[Assigned task]
Retype word for word the stretch of entries below from the line that has "Διαδικτυακή μυκητίαση και μέθοδοι θεραπείας" through the line that has "Kastamonu’da Şah Damarı", and omit the pictures.

[Exercise data]
===============
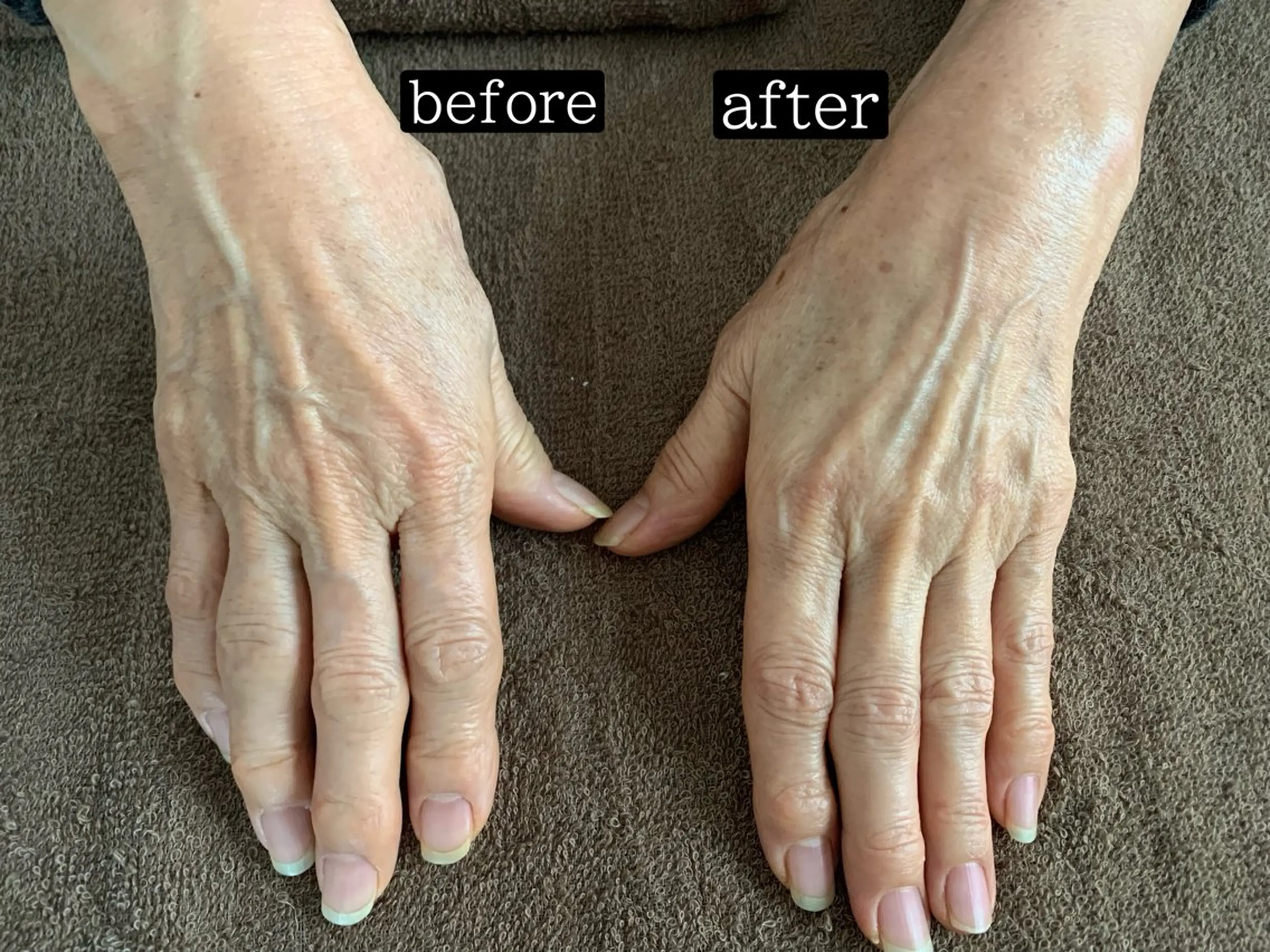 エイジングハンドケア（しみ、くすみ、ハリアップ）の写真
===============
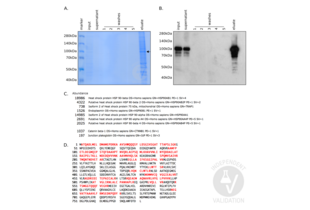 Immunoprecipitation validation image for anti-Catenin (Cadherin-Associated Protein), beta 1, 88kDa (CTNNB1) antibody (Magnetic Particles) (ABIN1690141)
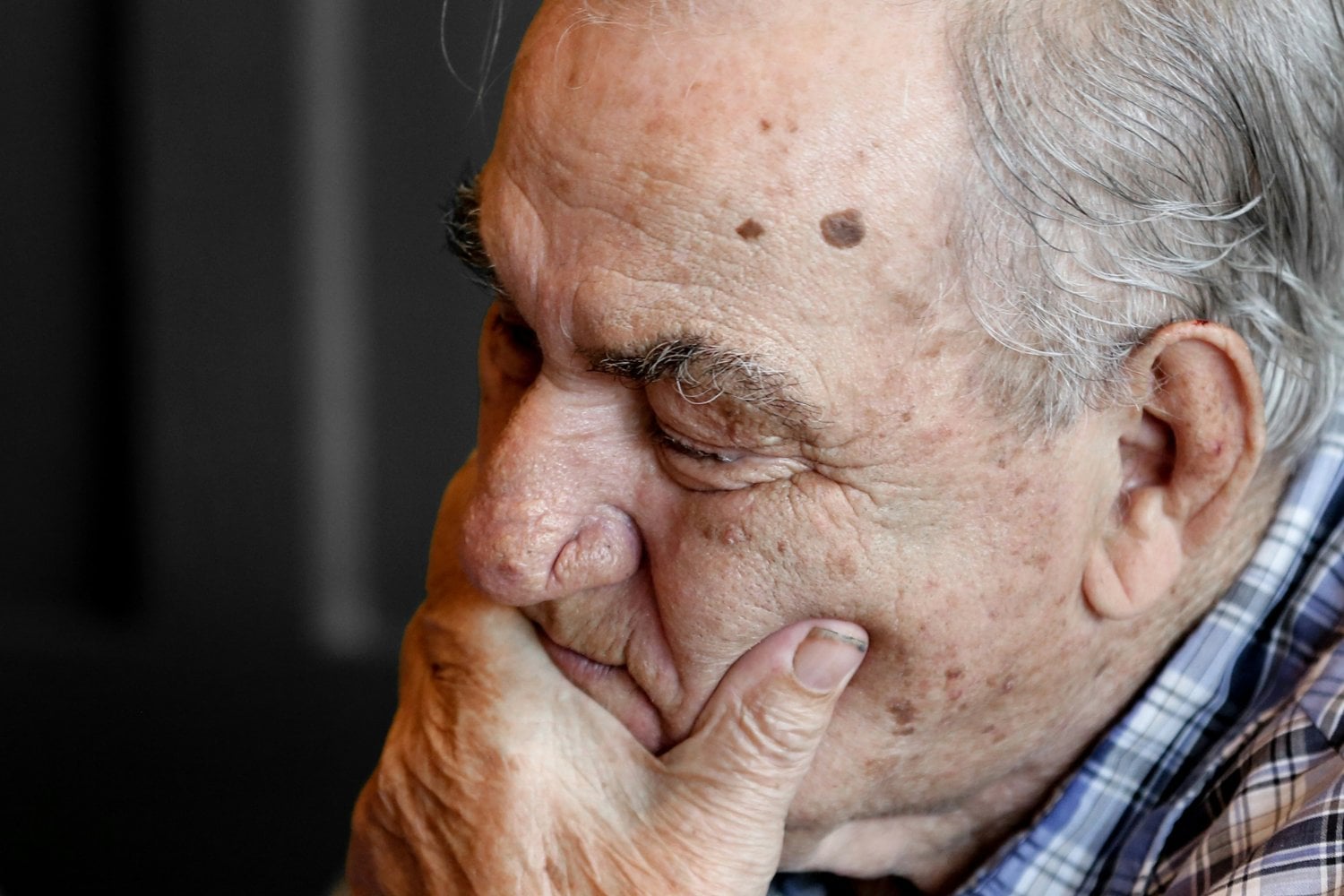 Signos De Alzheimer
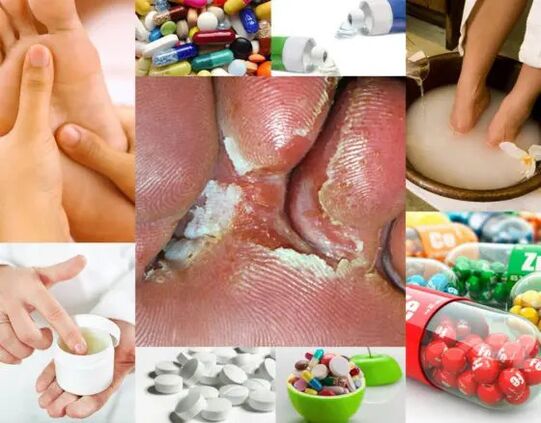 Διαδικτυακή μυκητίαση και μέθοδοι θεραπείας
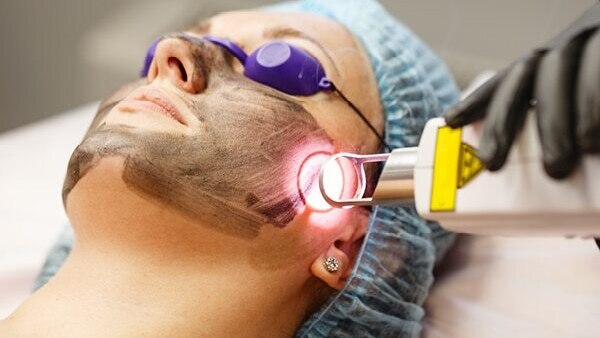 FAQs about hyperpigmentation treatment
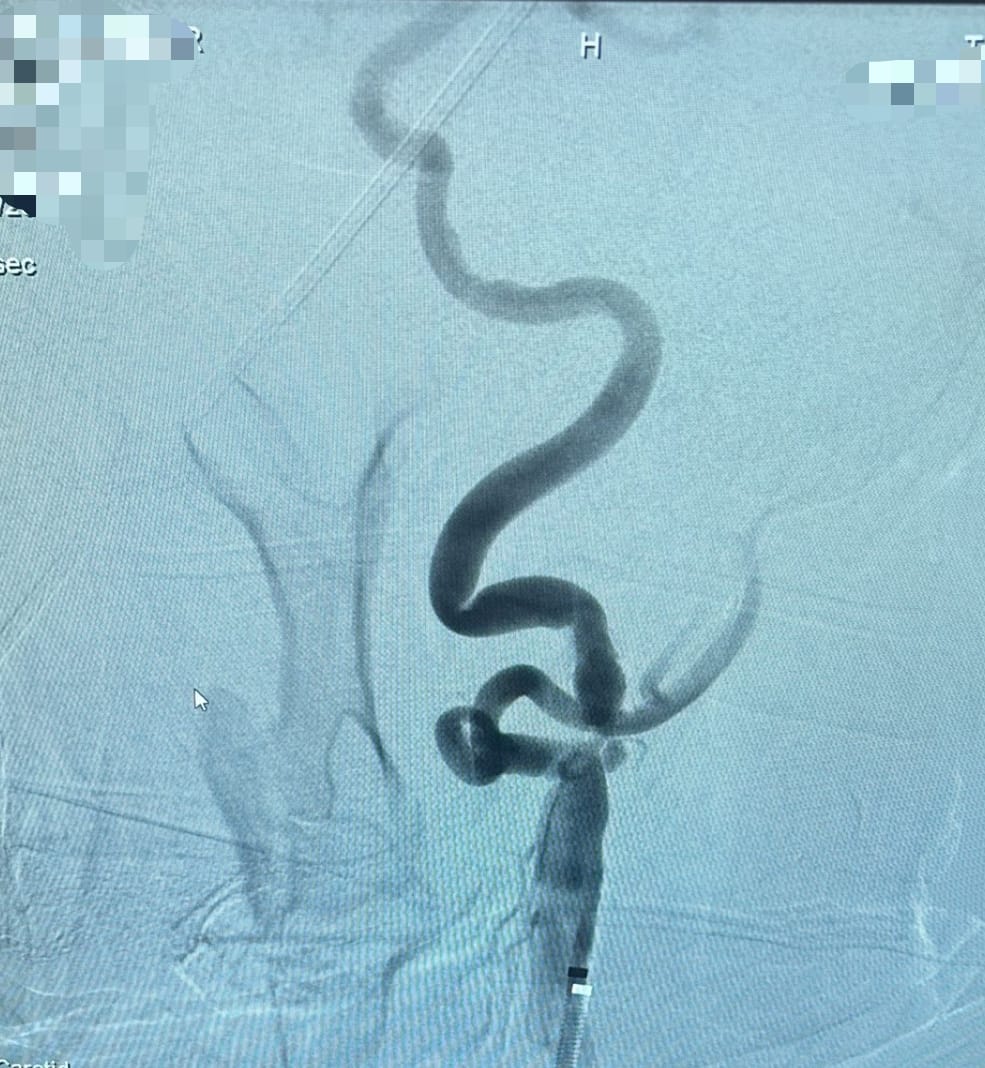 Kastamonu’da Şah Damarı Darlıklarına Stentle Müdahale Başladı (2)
===============
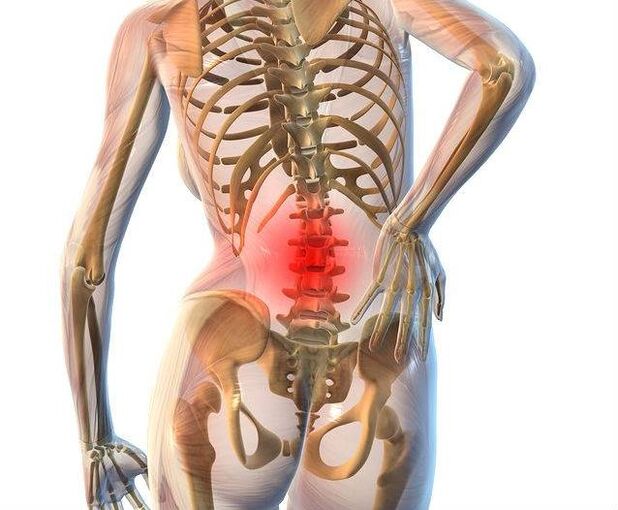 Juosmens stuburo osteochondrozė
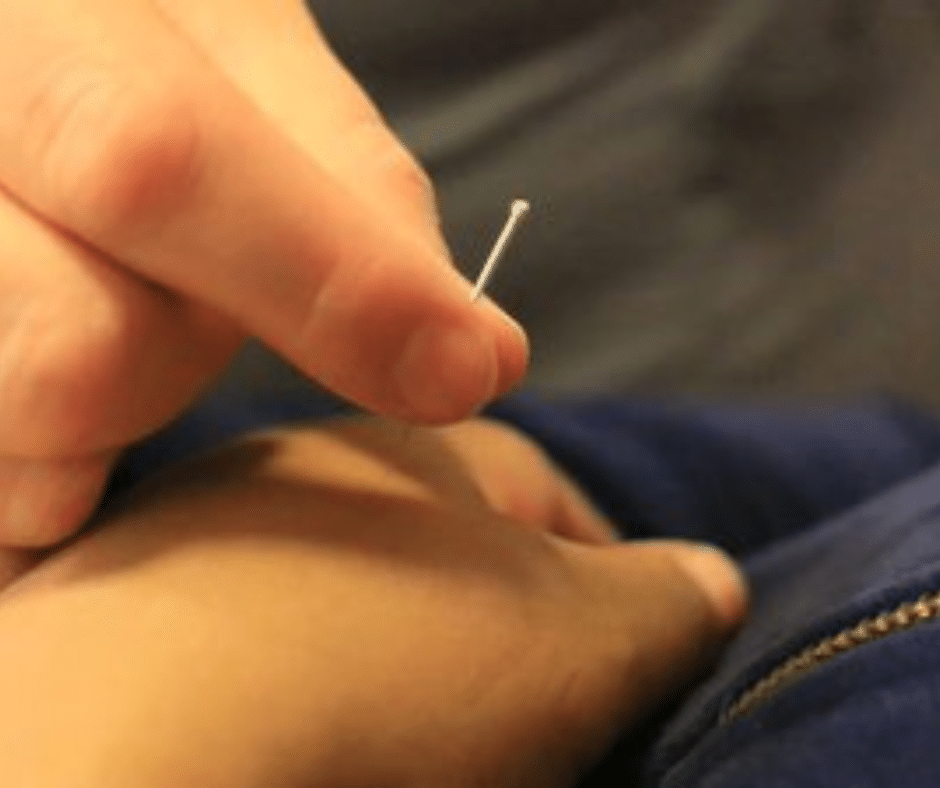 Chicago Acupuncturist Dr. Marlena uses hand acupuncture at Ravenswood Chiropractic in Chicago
===============
[Answer to the exercise]
 Διαδικτυακή μυκητίαση και μέθοδοι θεραπείας
 FAQs about hyperpigmentation treatment
 Kastamonu’da Şah Damarı Darlıklarına Stentle Müdahale Başladı (2)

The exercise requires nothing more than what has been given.